Collection entries:
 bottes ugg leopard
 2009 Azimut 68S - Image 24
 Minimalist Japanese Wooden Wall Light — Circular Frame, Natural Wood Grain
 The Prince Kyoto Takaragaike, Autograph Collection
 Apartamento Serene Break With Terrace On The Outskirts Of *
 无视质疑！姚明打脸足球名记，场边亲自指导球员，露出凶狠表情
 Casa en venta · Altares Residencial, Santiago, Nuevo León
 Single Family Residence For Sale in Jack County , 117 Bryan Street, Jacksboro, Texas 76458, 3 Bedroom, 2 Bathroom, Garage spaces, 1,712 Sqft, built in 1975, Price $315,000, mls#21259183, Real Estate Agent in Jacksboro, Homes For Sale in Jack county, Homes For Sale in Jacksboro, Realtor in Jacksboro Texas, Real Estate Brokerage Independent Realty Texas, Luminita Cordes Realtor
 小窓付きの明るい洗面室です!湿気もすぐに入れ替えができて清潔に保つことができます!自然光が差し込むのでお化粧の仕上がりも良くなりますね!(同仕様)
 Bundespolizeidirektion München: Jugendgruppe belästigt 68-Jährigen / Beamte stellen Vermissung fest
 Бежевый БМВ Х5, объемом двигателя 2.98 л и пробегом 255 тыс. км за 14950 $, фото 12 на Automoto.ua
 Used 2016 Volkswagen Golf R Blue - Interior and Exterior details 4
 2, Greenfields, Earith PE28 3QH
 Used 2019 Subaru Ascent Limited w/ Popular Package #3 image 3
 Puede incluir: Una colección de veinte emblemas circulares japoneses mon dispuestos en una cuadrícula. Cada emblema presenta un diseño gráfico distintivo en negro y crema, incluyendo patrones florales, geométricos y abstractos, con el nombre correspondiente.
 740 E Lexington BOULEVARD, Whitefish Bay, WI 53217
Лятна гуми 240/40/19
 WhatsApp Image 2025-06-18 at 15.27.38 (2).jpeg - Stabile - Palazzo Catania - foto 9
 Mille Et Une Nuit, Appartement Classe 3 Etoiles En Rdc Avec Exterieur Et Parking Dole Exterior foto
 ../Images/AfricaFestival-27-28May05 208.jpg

• **Required work**:
Beginning with the line above that contains "The Prince Kyoto", copy each line exactly up to and including the line that contains "WhatsApp Image 2025-06-18", and go no further.

• **Answer section**:
 The Prince Kyoto Takaragaike, Autograph Collection
 Apartamento Serene Break With Terrace On The Outskirts Of *
 无视质疑！姚明打脸足球名记，场边亲自指导球员，露出凶狠表情
 Casa en venta · Altares Residencial, Santiago, Nuevo León
 Single Family Residence For Sale in Jack County , 117 Bryan Street, Jacksboro, Texas 76458, 3 Bedroom, 2 Bathroom, Garage spaces, 1,712 Sqft, built in 1975, Price $315,000, mls#21259183, Real Estate Agent in Jacksboro, Homes For Sale in Jack county, Homes For Sale in Jacksboro, Realtor in Jacksboro Texas, Real Estate Brokerage Independent Realty Texas, Luminita Cordes Realtor
 小窓付きの明るい洗面室です!湿気もすぐに入れ替えができて清潔に保つことができます!自然光が差し込むのでお化粧の仕上がりも良くなりますね!(同仕様)
 Bundespolizeidirektion München: Jugendgruppe belästigt 68-Jährigen / Beamte stellen Vermissung fest
 Бежевый БМВ Х5, объемом двигателя 2.98 л и пробегом 255 тыс. км за 14950 $, фото 12 на Automoto.ua
 Used 2016 Volkswagen Golf R Blue - Interior and Exterior details 4
 2, Greenfields, Earith PE28 3QH
 Used 2019 Subaru Ascent Limited w/ Popular Package #3 image 3
 Puede incluir: Una colección de veinte emblemas circulares japoneses mon dispuestos en una cuadrícula. Cada emblema presenta un diseño gráfico distintivo en negro y crema, incluyendo patrones florales, geométricos y abstractos, con el nombre correspondiente.
 740 E Lexington BOULEVARD, Whitefish Bay, WI 53217
Лятна гуми 240/40/19
 WhatsApp Image 2025-06-18 at 15.27.38 (2).jpeg - Stabile - Palazzo Catania - foto 9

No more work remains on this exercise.